With no requests for change at this week's licensing board meeting, Braintree will keep its policy of banning the sale of beer by the pitcher.
Unlike state law, which allows the sale of beer by the pitcher to a group of two or more, Braintree doesn’t allow the sale of pitchers at all.
While town officials had said they would be willing to consider relaxing the policy [see earlier story], no business owners came forward at Tuesday's meeting of the Board of License Commissioners to request a change.
As a result, board members said they would keep the policy as is.
“The reason we were planning on having the discussion was a few establishments reached out to me in conversation inquiring about the difference in Braintree’s regulation and in other communities and what the state allows. That’s what led to the potential discussion on that item,” said Joe Powers, Braintree town clerk and chair of the licensing board.
“There were four licensed establishments that had reps there, but not one person was willing to come forward to offer thoughts if they wanted this change to occur and if they saw value to it. So the board took no action and the previous regulation remains in full force and effect.”
The topic came up after Powers had sent out a reminder to Braintree establishments of the no-pitcher policy.
According to Powers, some establishments were unknowingly violating the practice, most likely because Braintree’s policy differs from that in other surrounding communities where the restaurants had locations.
“It was quite surprising that there was no discussion whatsoever despite the offer,'' Powers said. "The net effect is the regulation has been confirmed.
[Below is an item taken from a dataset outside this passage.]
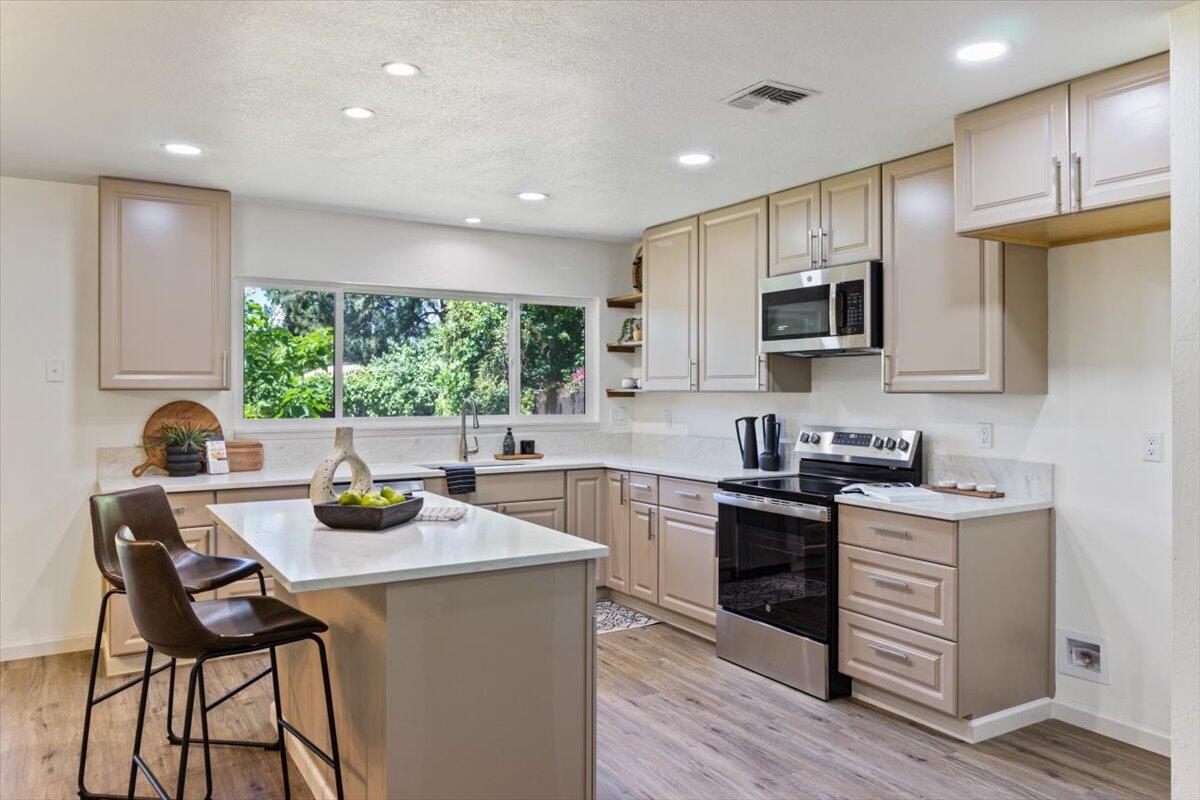 3395 Bursell Road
It remains in effect. So now if there are establishments that are serving by pitcher, they are against regulation, and if anything goes to the board we would have to go through the violation process."
Since the reminder was released, Powers said there have been no subsequent violations.
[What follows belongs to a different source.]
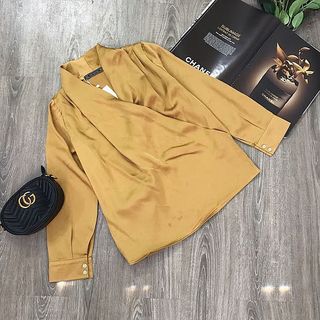 Áo sơmi vạt chéo lụa satin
Additionally, liquor licensed establishments were asked to confirm that they had received and read a copy of the memo, and many places in Braintree have done so.
Overall, although there is a perception that Braintree’s liquor license laws are stricter than the state’s, the pitcher policy is the only instance in which that is the case, Powers said.
“The reality is we match up with communities, but it’s a legacy with a reputation. Braintree banned happy hour before the state moved on that. Having that 30-year ban on service by pitcher… and I do hear it conversationally, you can't go to Braintree and get a pitcher of beer. But there are some towns where you cant get anything. We’re not a dry town,” Powers said. “People believe we’re more restrictive, but except in one instance, we’re really not.”